### WHAT THE TASK ASKS
Give back every entry exactly; drop the pictures.

-------- RECORD EXTRACTS --------

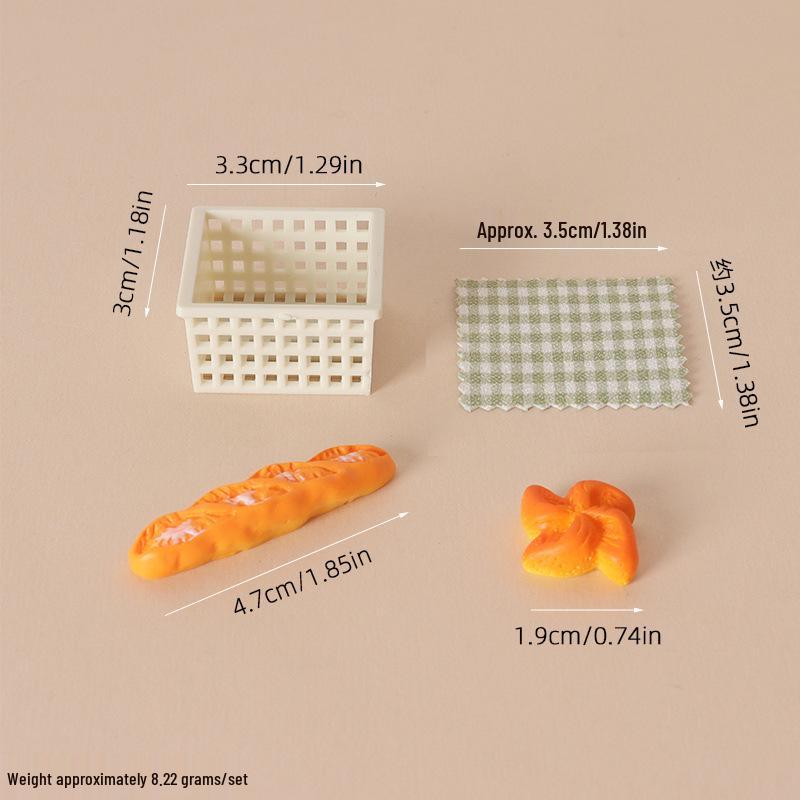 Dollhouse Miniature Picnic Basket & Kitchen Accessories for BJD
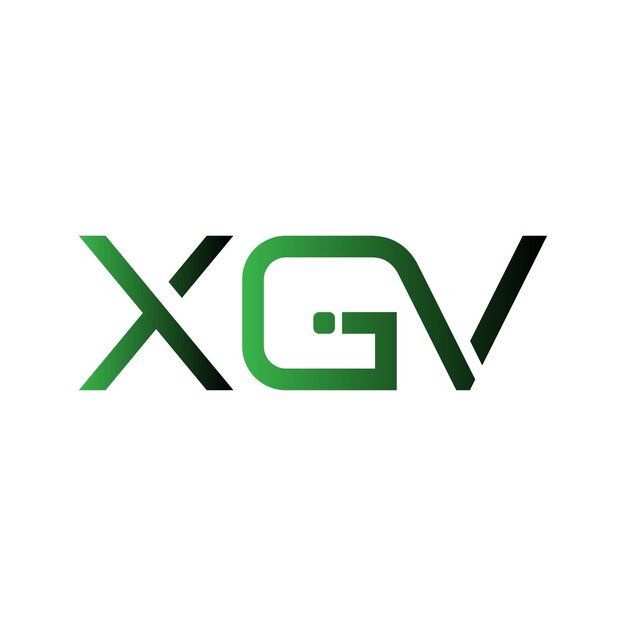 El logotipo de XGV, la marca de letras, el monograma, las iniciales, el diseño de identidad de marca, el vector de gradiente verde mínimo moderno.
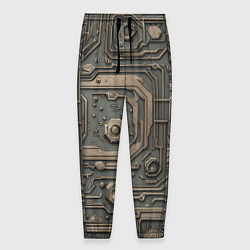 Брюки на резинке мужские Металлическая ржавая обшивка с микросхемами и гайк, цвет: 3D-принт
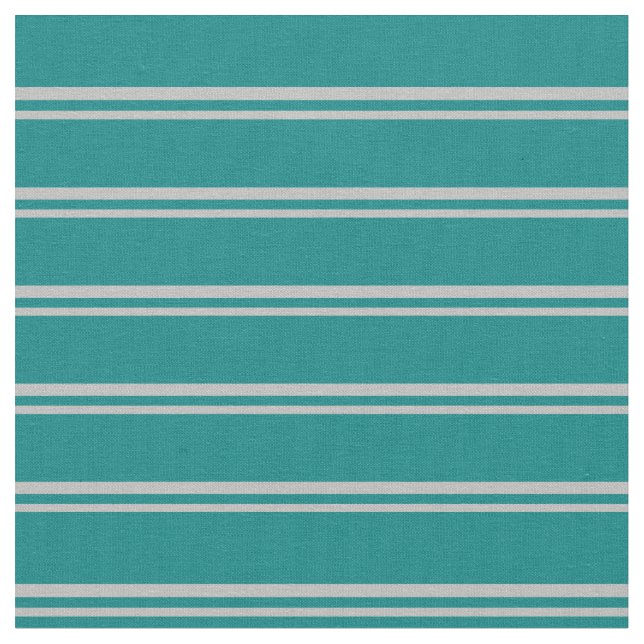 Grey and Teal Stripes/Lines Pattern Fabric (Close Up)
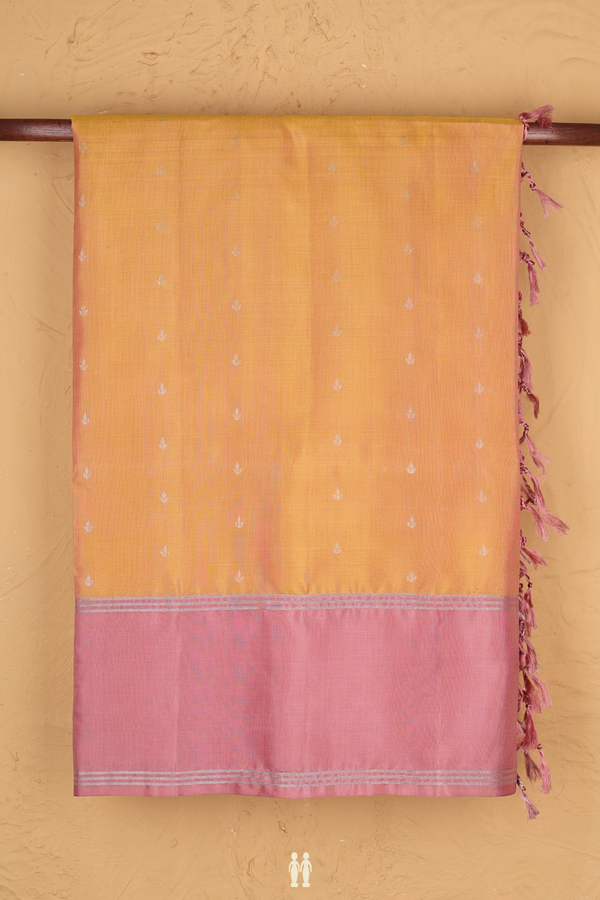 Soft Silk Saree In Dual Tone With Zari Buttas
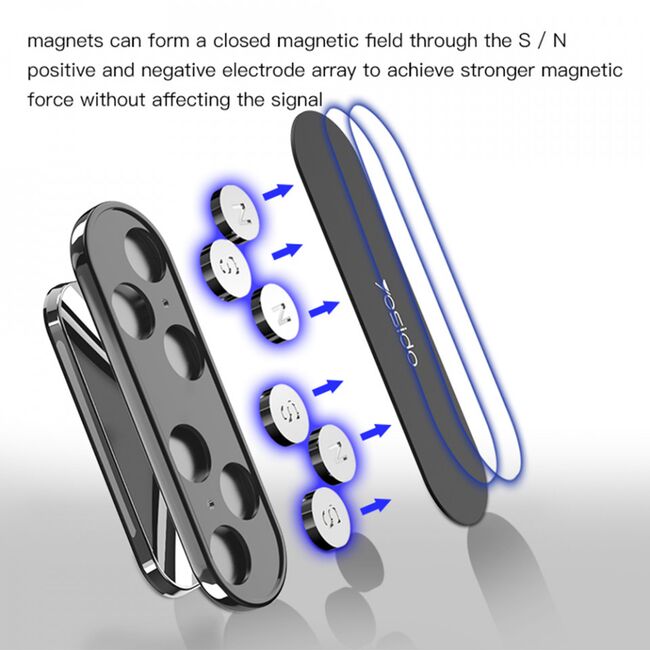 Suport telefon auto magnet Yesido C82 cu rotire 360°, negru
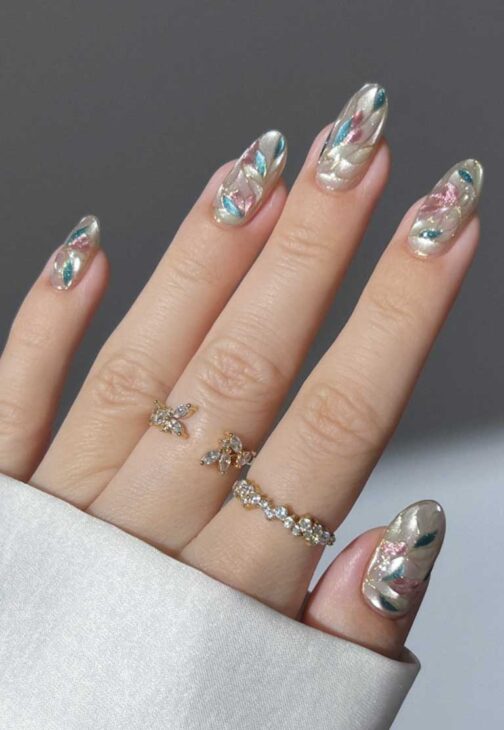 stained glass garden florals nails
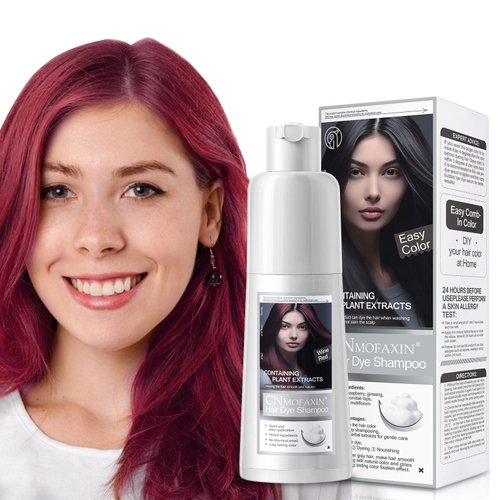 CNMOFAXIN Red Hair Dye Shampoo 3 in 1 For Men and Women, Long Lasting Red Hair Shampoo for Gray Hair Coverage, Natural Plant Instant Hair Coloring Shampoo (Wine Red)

--------

### YOUR SOLUTION
 Dollhouse Miniature Picnic Basket & Kitchen Accessories for BJD
 El logotipo de XGV, la marca de letras, el monograma, las iniciales, el diseño de identidad de marca, el vector de gradiente verde mínimo moderno.
 Брюки на резинке мужские Металлическая ржавая обшивка с микросхемами и гайк, цвет: 3D-принт
 Grey and Teal Stripes/Lines Pattern Fabric (Close Up)
 Soft Silk Saree In Dual Tone With Zari Buttas
 Suport telefon auto magnet Yesido C82 cu rotire 360°, negru
 stained glass garden florals nails
 CNMOFAXIN Red Hair Dye Shampoo 3 in 1 For Men and Women, Long Lasting Red Hair Shampoo for Gray Hair Coverage, Natural Plant Instant Hair Coloring Shampoo (Wine Red)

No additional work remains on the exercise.